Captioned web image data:
========================
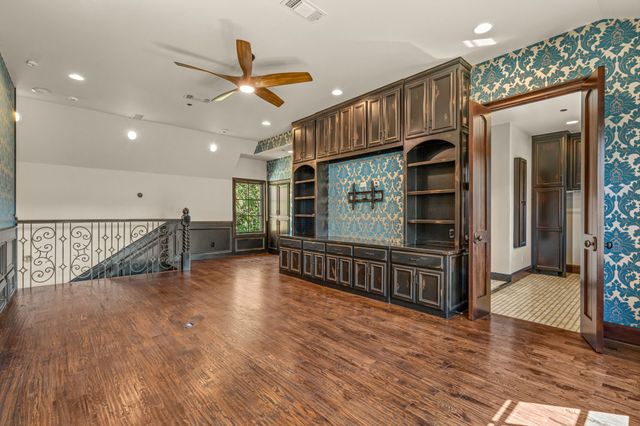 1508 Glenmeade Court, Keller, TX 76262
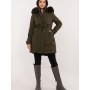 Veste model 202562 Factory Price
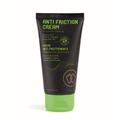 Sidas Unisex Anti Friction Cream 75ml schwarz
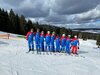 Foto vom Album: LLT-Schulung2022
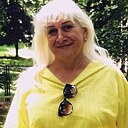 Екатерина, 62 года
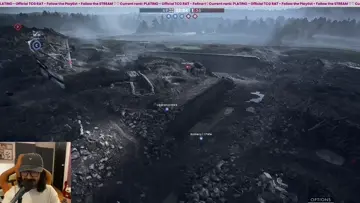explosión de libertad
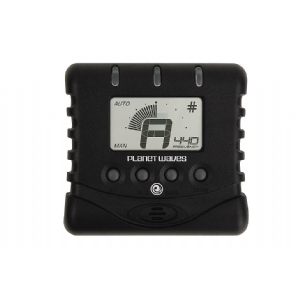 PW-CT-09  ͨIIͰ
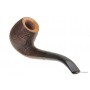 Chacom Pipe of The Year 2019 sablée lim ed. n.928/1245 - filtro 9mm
========================
| WHAT THIS TASK INVOLVES |
Exactly repeat the data above; the pictures do not belong in your copy.

| TASK ANSWER |
 1508 Glenmeade Court, Keller, TX 76262
 Veste model 202562 Factory Price
 Sidas Unisex Anti Friction Cream 75ml schwarz
 Foto vom Album: LLT-Schulung2022
 Екатерина, 62 года
explosión de libertad
 PW-CT-09  ͨIIͰ
 Chacom Pipe of The Year 2019 sablée lim ed. n.928/1245 - filtro 9mm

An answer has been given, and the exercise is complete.